▶ Task requirements: In the data below, find the line containing "Immunohistochemistry of paraffin-embedded" and the line containing "HNF1B Antibody", then reproduce them and every line between, exactly. Omit pictures.
BEGIN Data for this exercise
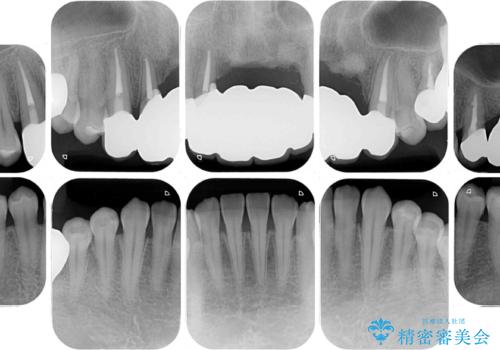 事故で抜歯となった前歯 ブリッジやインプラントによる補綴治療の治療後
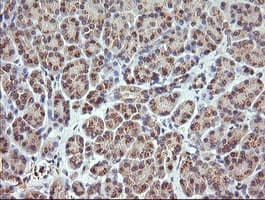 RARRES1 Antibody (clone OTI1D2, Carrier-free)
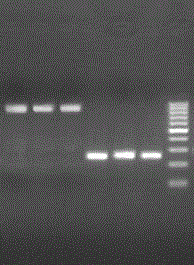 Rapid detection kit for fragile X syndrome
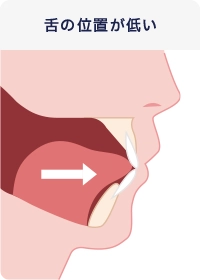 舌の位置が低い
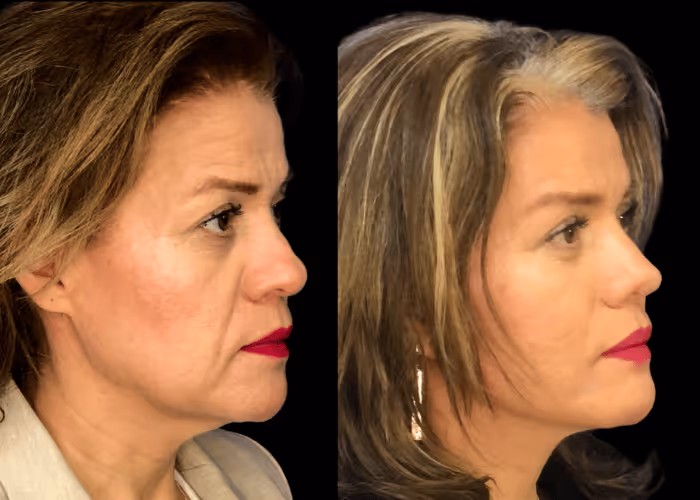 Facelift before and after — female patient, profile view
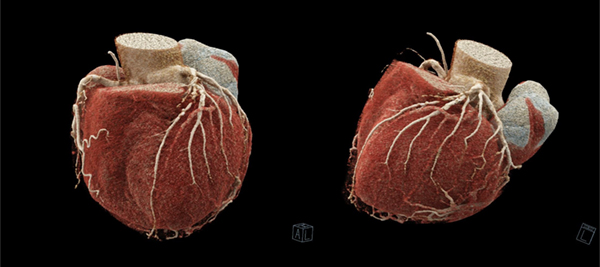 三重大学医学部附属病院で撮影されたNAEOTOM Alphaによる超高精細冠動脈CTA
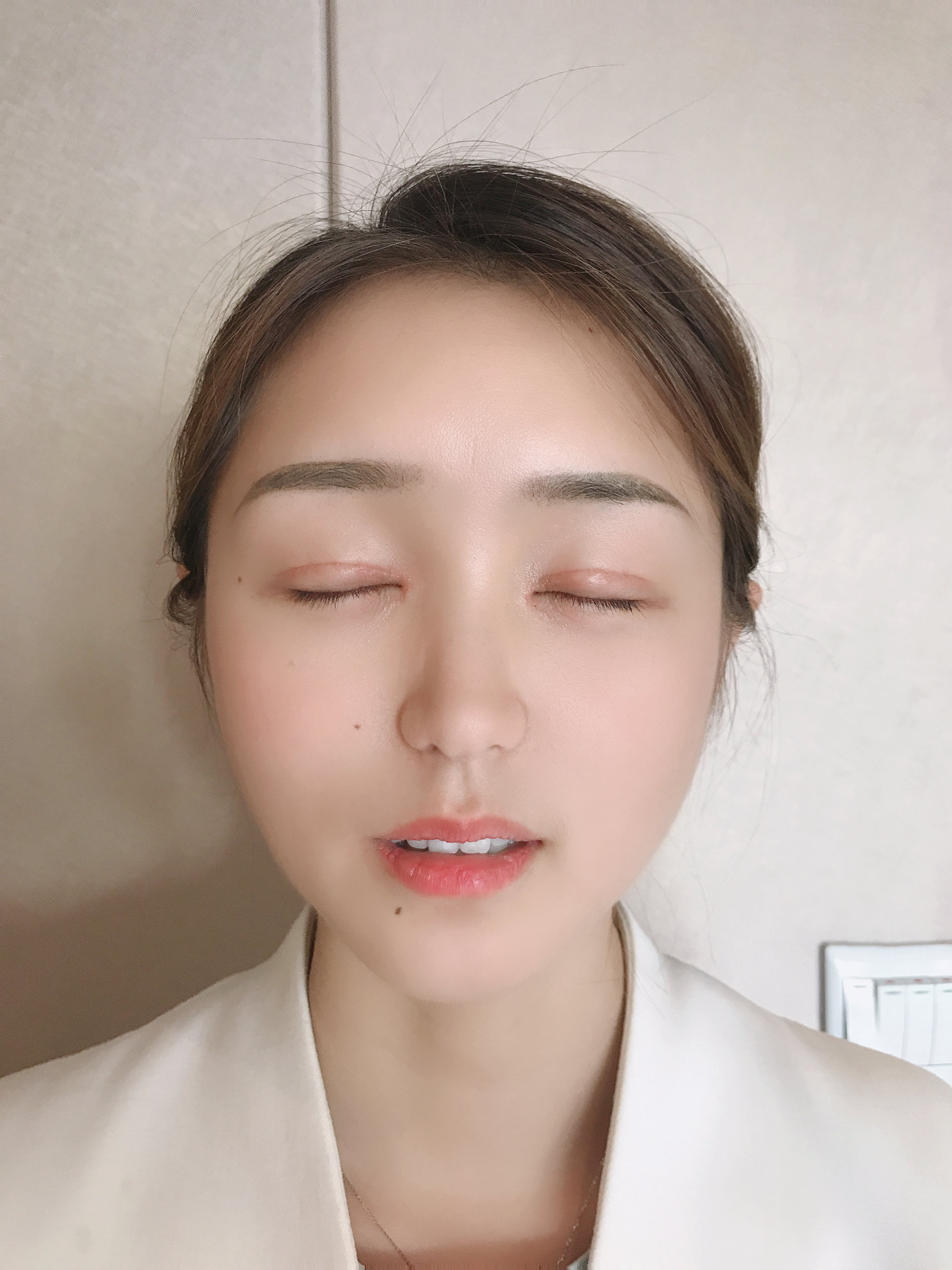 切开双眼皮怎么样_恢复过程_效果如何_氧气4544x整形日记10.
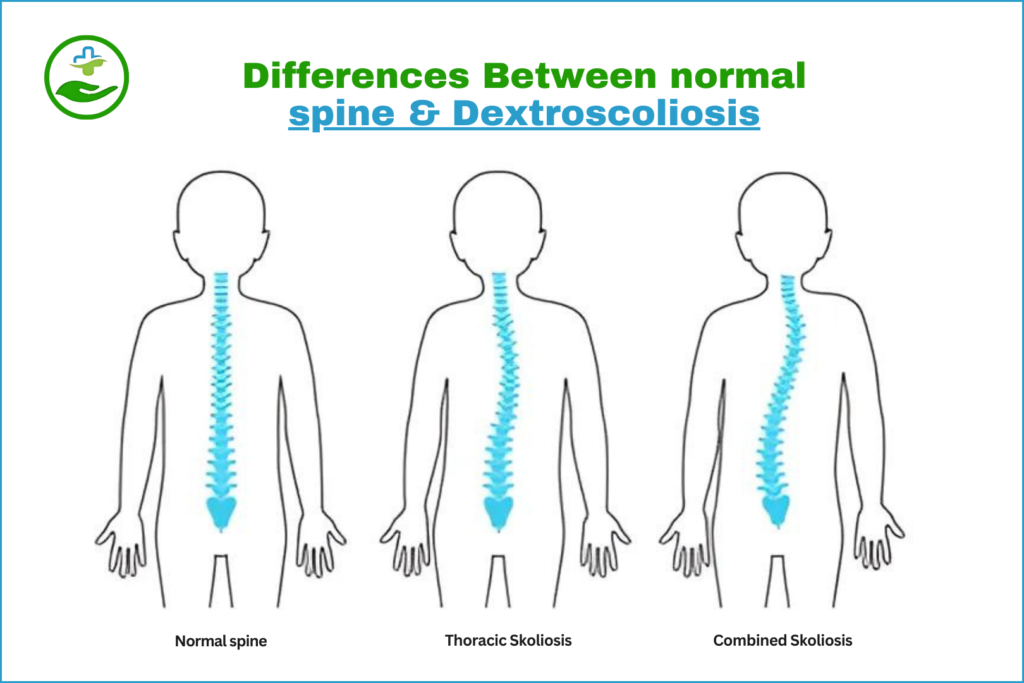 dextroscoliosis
END Data for this exercise
BEGIN Data for this exercise
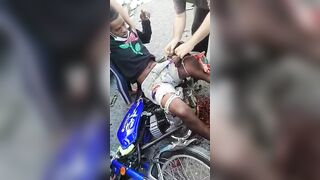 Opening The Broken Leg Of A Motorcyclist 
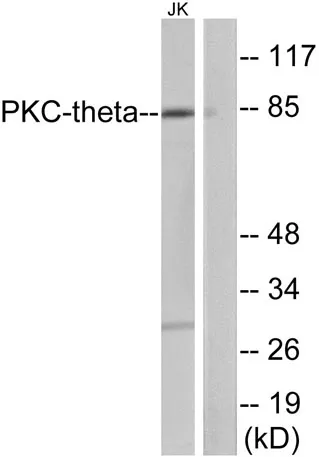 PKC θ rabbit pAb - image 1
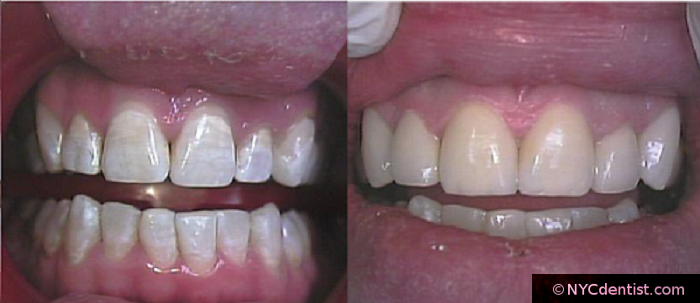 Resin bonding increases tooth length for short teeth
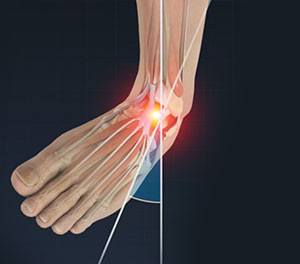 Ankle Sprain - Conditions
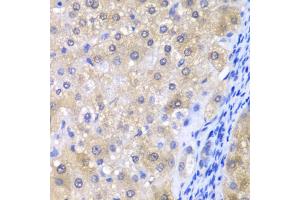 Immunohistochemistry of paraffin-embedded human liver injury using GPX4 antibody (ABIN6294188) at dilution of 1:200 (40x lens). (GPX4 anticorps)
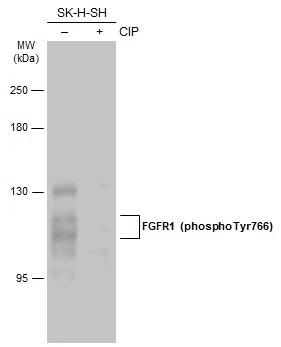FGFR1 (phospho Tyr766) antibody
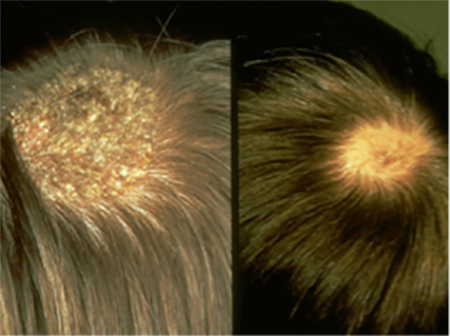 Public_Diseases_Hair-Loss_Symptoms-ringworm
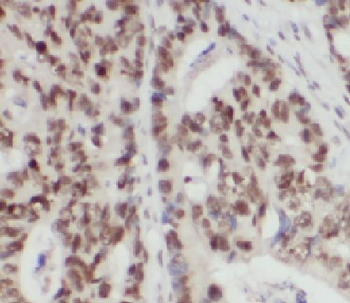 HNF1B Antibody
END Data for this exercise
BEGIN Data for this exercise
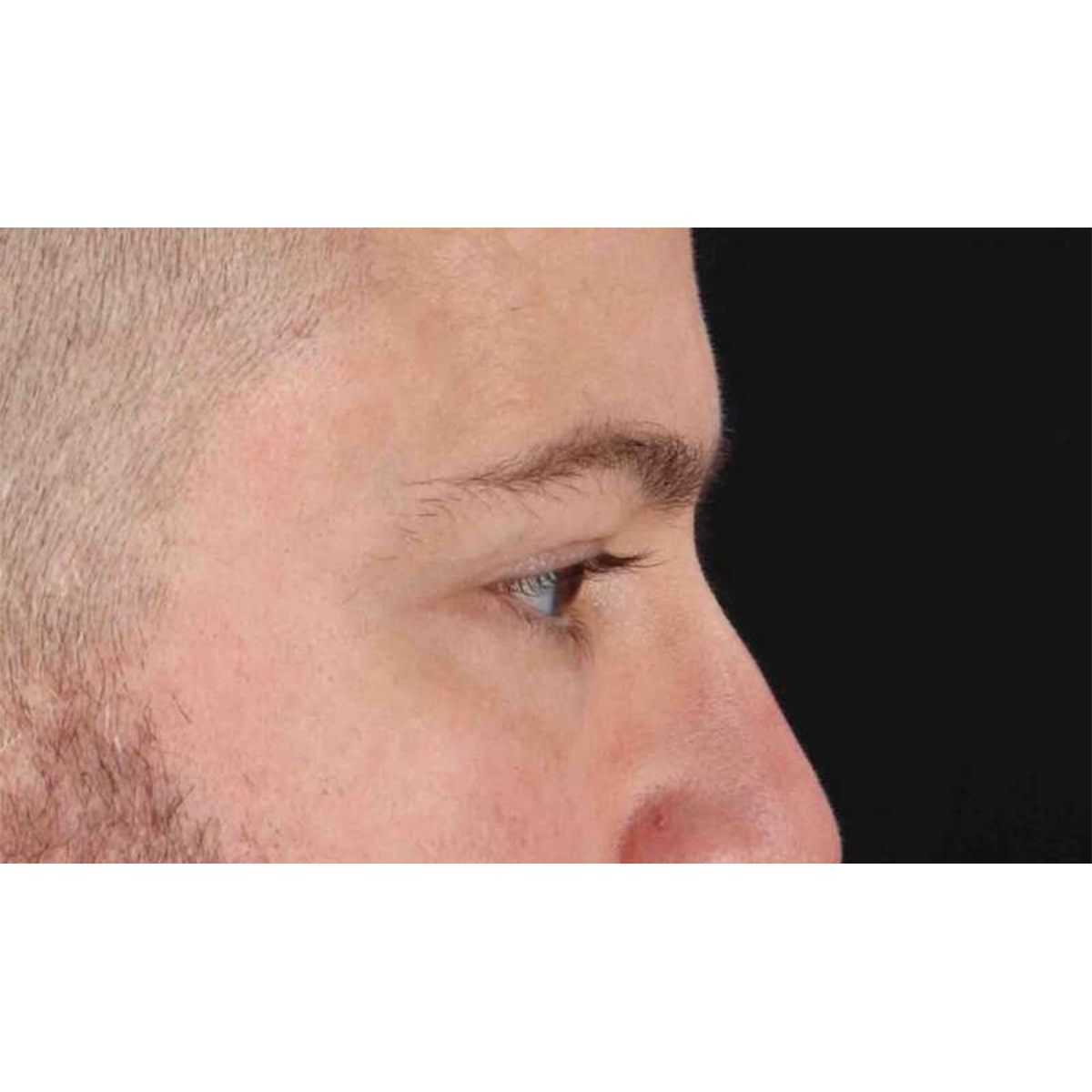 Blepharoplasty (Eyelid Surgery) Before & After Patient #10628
END Data for this exercise
▶ Output of the exercise:
 Immunohistochemistry of paraffin-embedded human liver injury using GPX4 antibody (ABIN6294188) at dilution of 1:200 (40x lens). (GPX4 anticorps)
FGFR1 (phospho Tyr766) antibody
 Public_Diseases_Hair-Loss_Symptoms-ringworm
 HNF1B Antibody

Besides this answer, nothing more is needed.